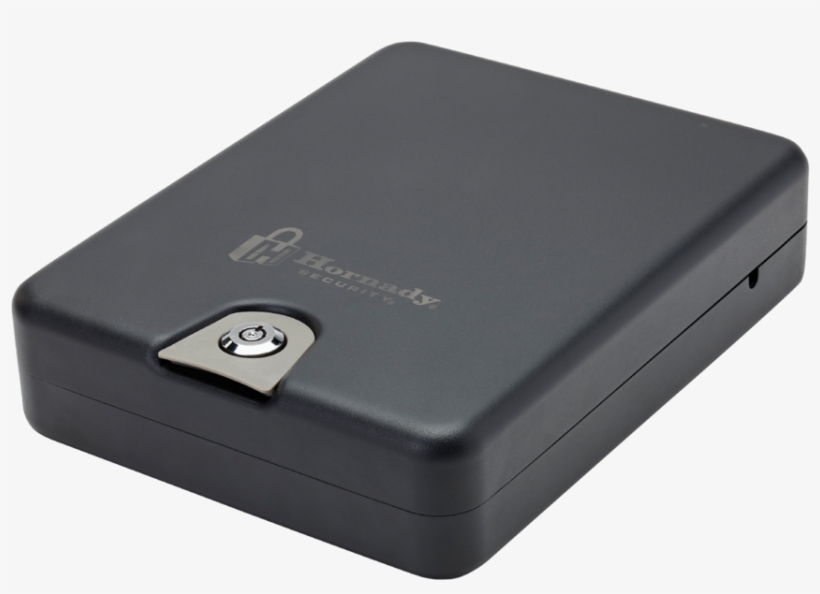 Photo Of Tripoint Lock Box - Rfid Reader Usb Driver, transparent png download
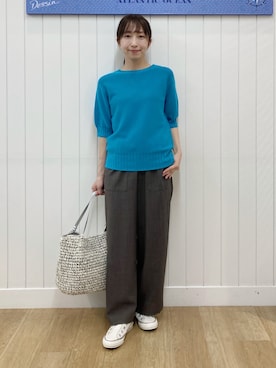 yoshiさんのコーディネート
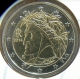 Italien 2 Euro Münze 2014 - © eurocollection.co.uk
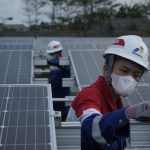 Peringkat ESG Pertamina Naik, Jadi Nomor Satu Dunia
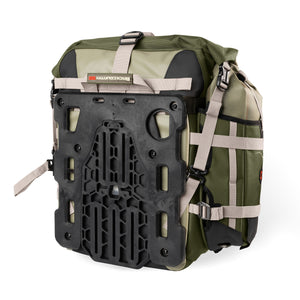 Backcountry Pannier Kit (V2.5)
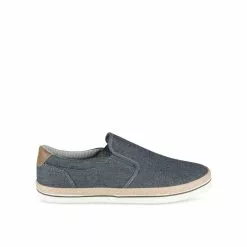 Espadrilles JEANS DENIM SIDE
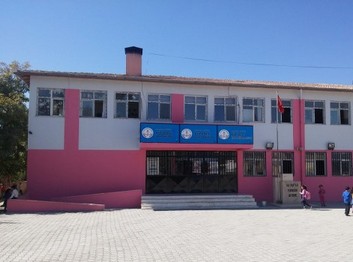 Şanlıurfa-Eyyübiye-Külünçe İmam Hatip Ortaokulu fotoğrafı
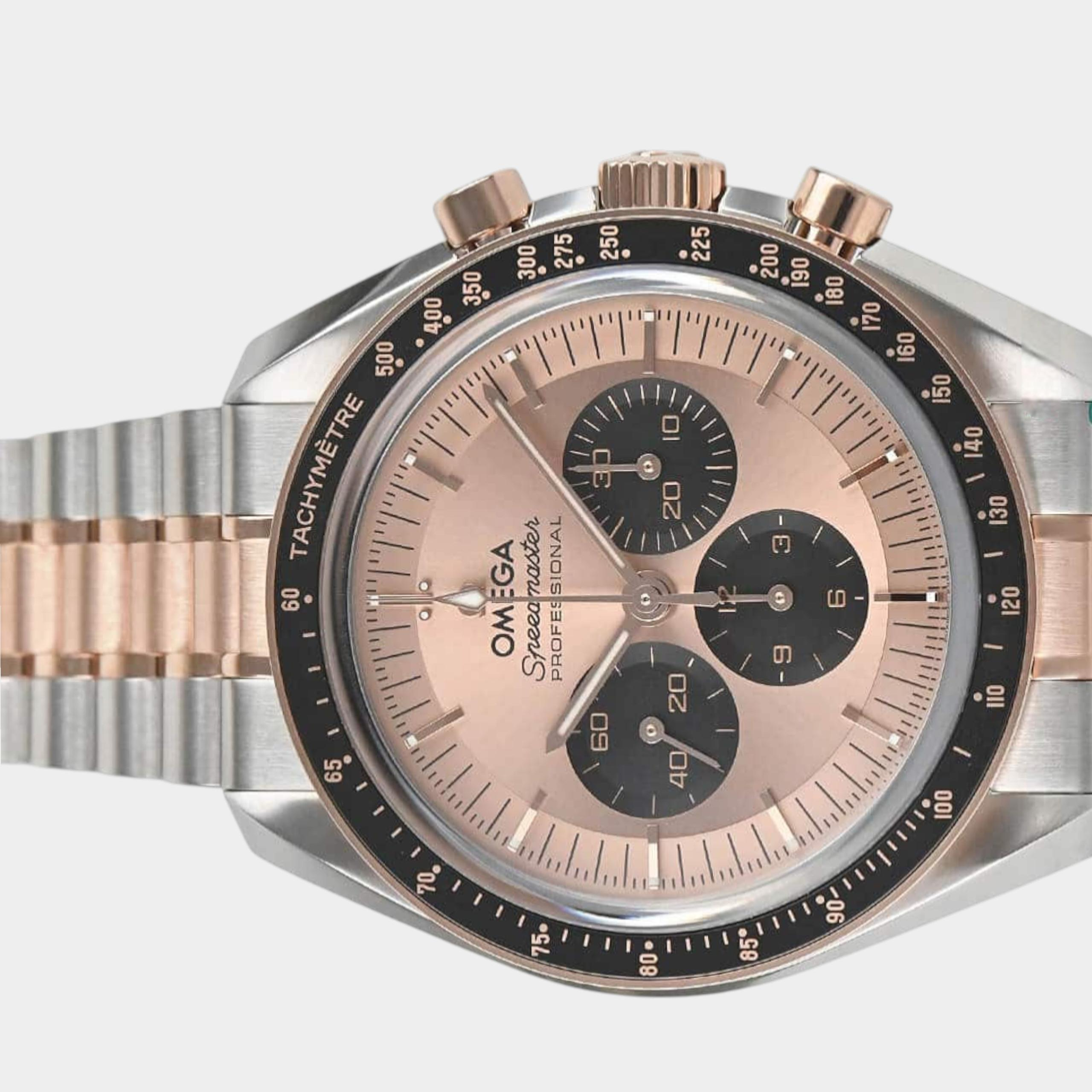 Omega Speedmaster Professional Moonwatch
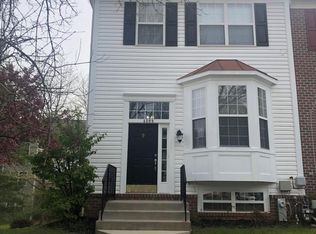 4309 Huntshire Rd, Randallstown, MD 21133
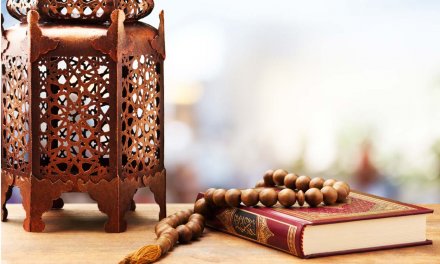 Why Abrahamic revelations come in Ramadan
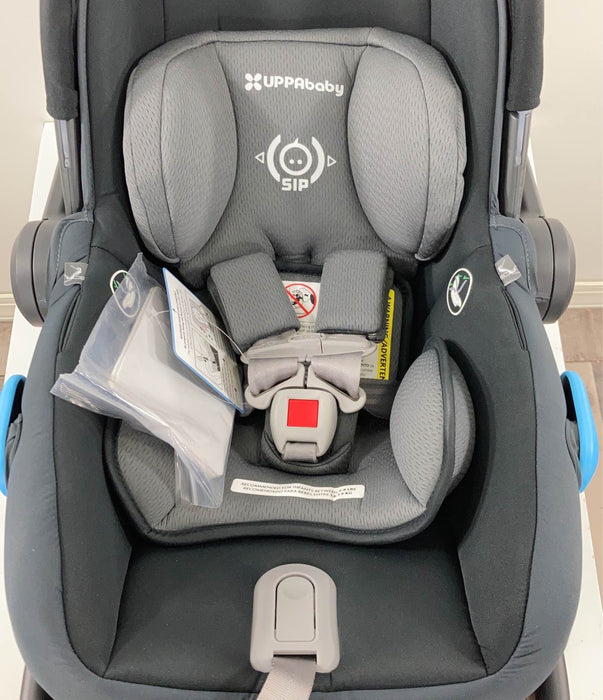 used Carseat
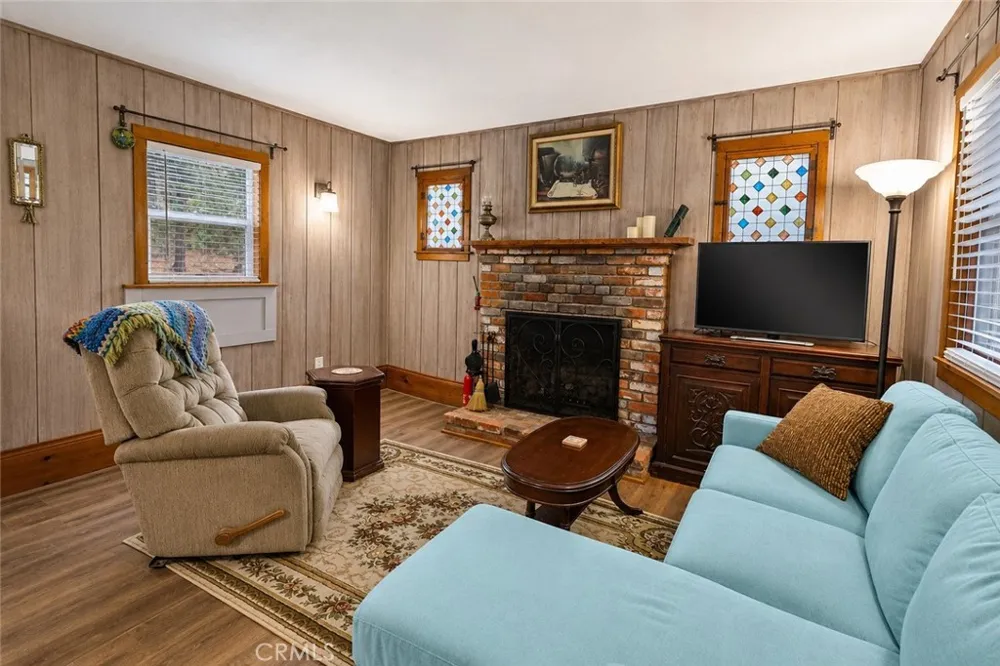 27548 Meadow Lake Arrowhead, CA 92352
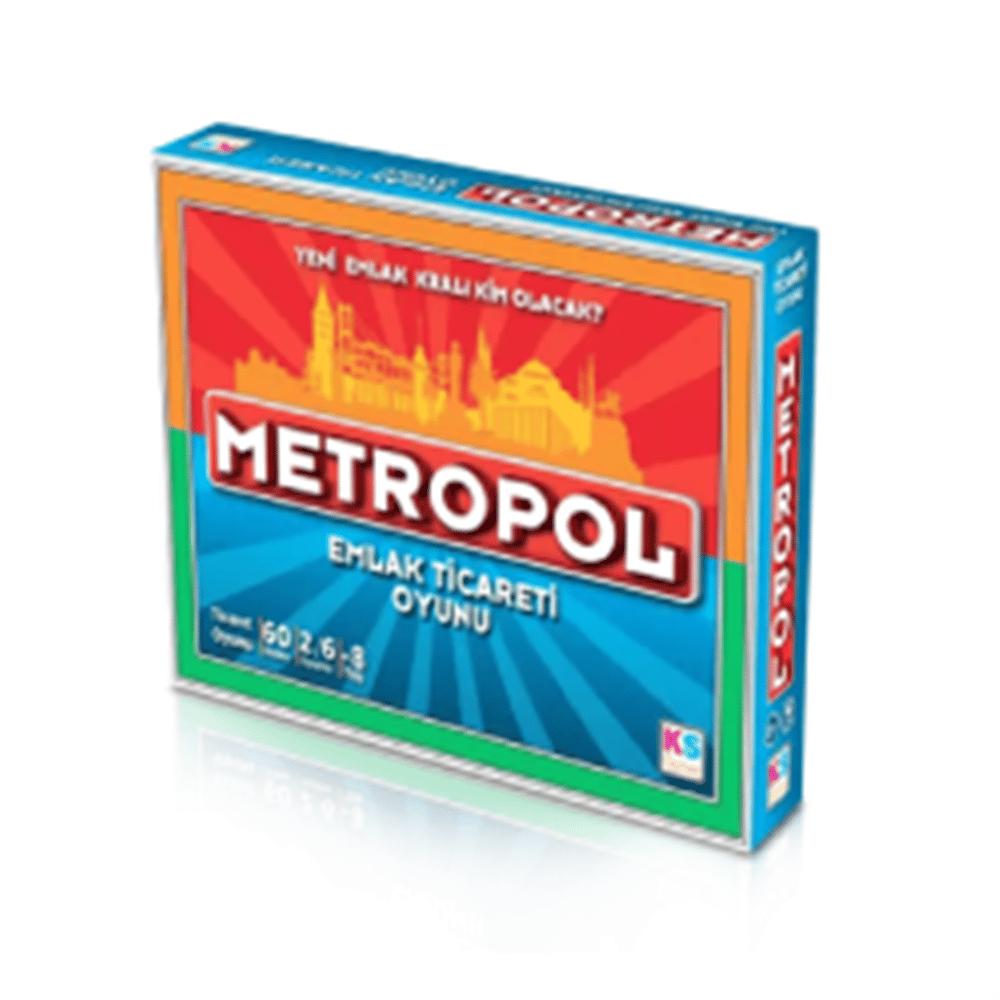 METROPOL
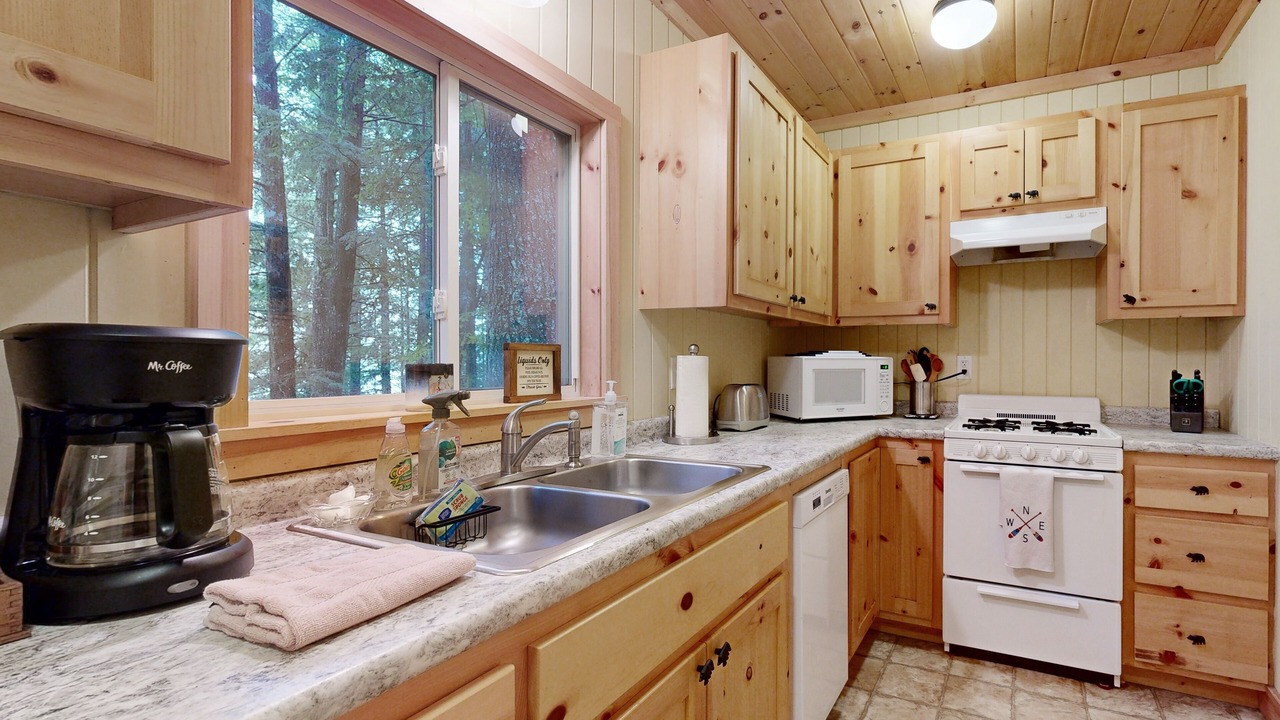 Photo of Kitchen in Kents Hill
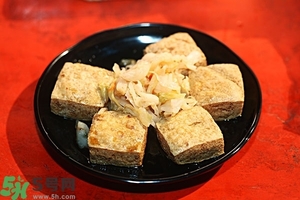 臭豆腐能帶上飛機嗎？坐飛機能帶臭豆腐嗎？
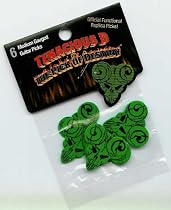 Clayton Tenacious D Pick of Destiny 6-Pack
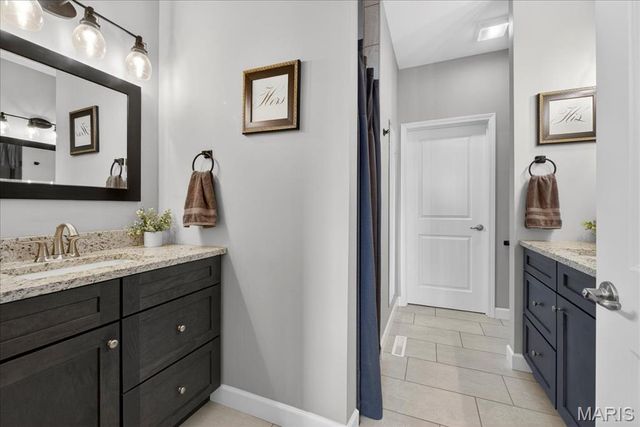 2002 Morningside Place, Maryville, IL 62062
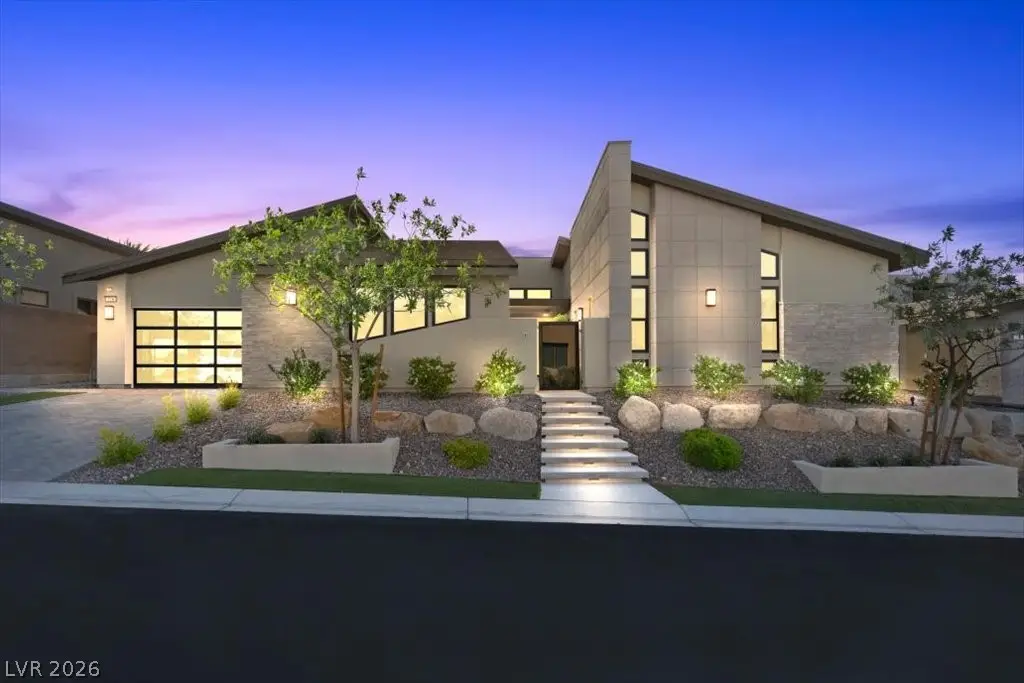 779 Bolide Street, Las Vegas, NV 89138 - #1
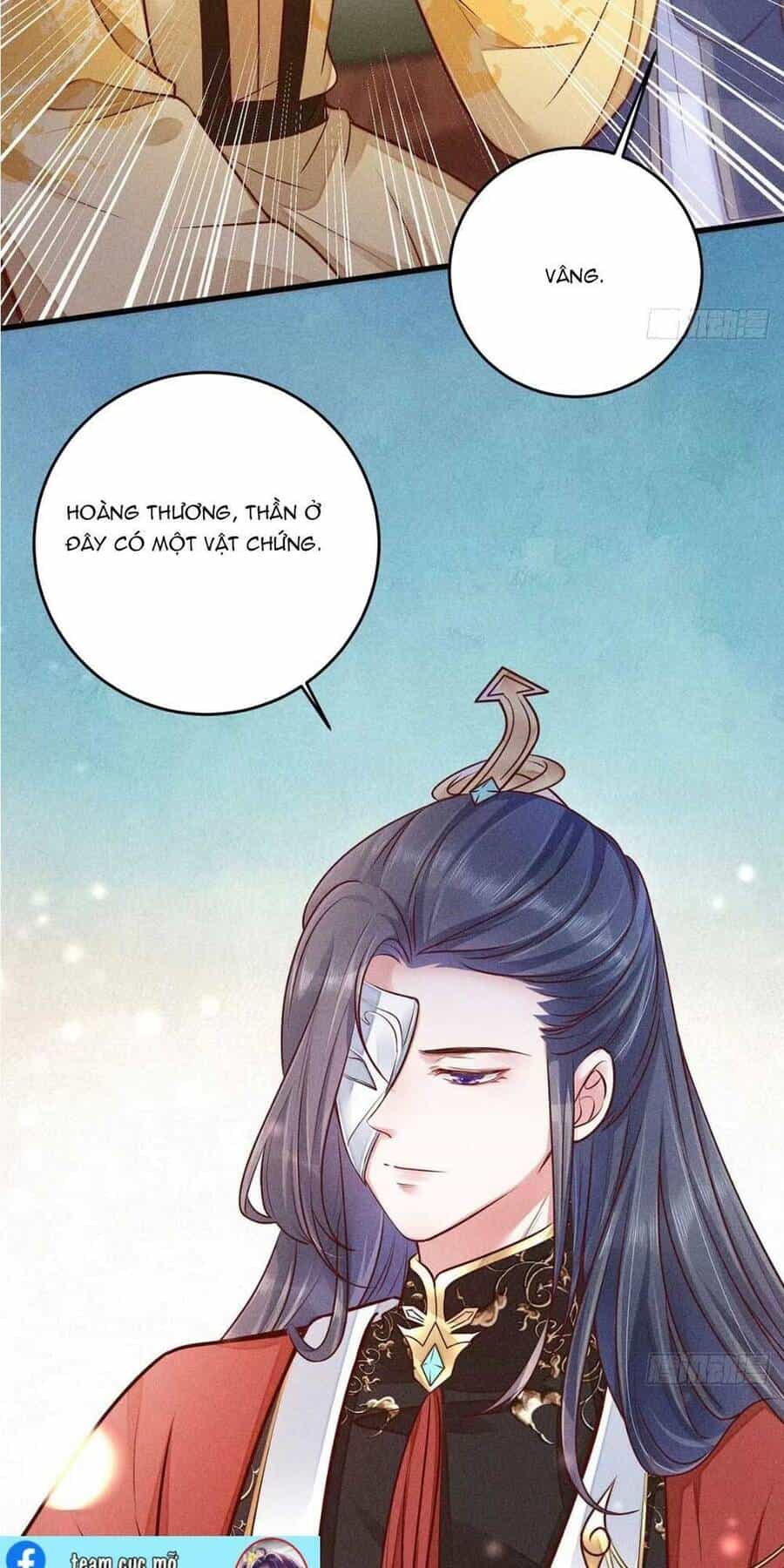 Tái Sinh Trở Lại : Ta Trở Thành Độc Y Thái Tử Phi - Chương 5 - ảnh 24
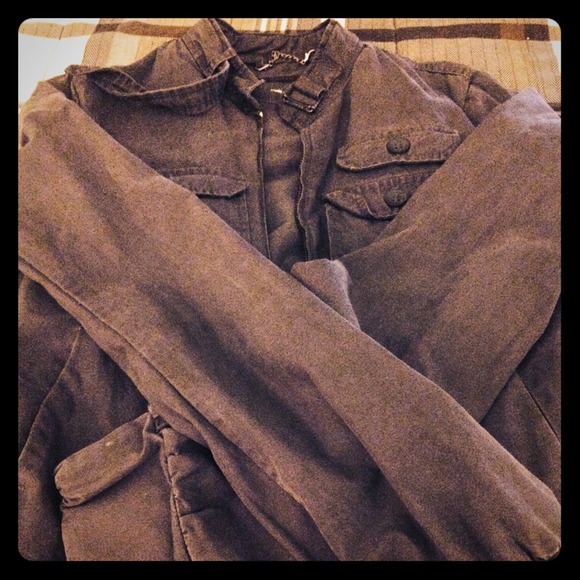Levi jacket great condition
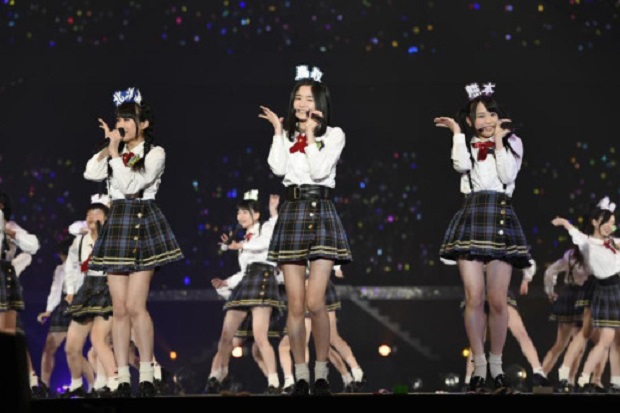AKB48 Bakal Tampil di...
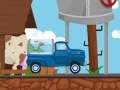 Juego Milky Truck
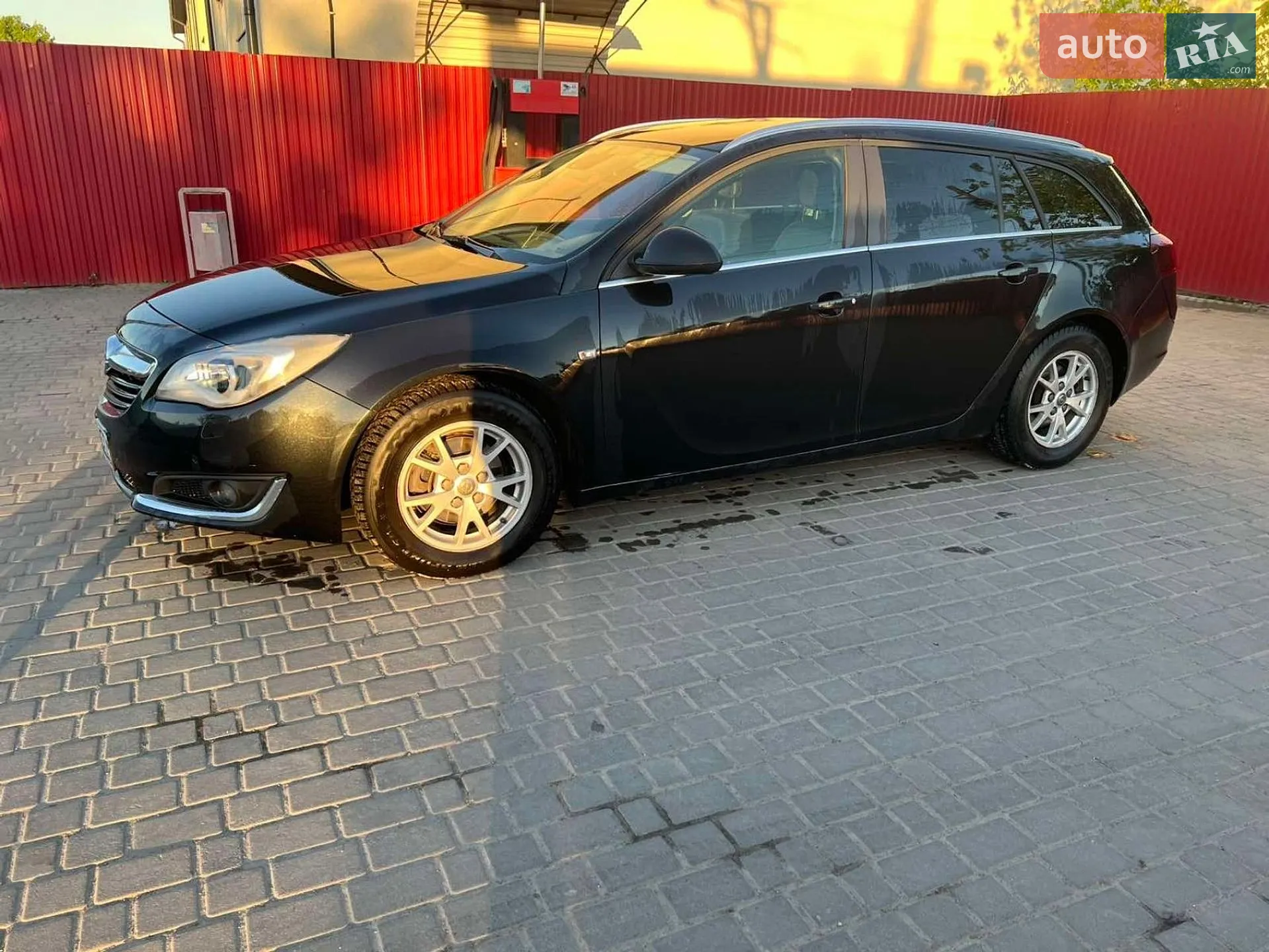 2015 Opel Insignia - мініатюра 10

Task to carry out.
A complete and exact copy of the records is required. Exclude the pictures.

Expected answer.
 Photo Of Tripoint Lock Box - Rfid Reader Usb Driver, transparent png download
 yoshiさんのコーディネート
 Italien 2 Euro Münze 2014 - © eurocollection.co.uk
 Peringkat ESG Pertamina Naik, Jadi Nomor Satu Dunia
 Backcountry Pannier Kit (V2.5)
 Espadrilles JEANS DENIM SIDE
 Şanlıurfa-Eyyübiye-Külünçe İmam Hatip Ortaokulu fotoğrafı
 Omega Speedmaster Professional Moonwatch
 4309 Huntshire Rd, Randallstown, MD 21133
 Why Abrahamic revelations come in Ramadan
 used Carseat
 27548 Meadow Lake Arrowhead, CA 92352
 METROPOL
 Photo of Kitchen in Kents Hill
 臭豆腐能帶上飛機嗎？坐飛機能帶臭豆腐嗎？
 Clayton Tenacious D Pick of Destiny 6-Pack
 2002 Morningside Place, Maryville, IL 62062
 779 Bolide Street, Las Vegas, NV 89138 - #1
 Tái Sinh Trở Lại : Ta Trở Thành Độc Y Thái Tử Phi - Chương 5 - ảnh 24
Levi jacket great condition
AKB48 Bakal Tampil di...
 Juego Milky Truck
 2015 Opel Insignia - мініатюра 10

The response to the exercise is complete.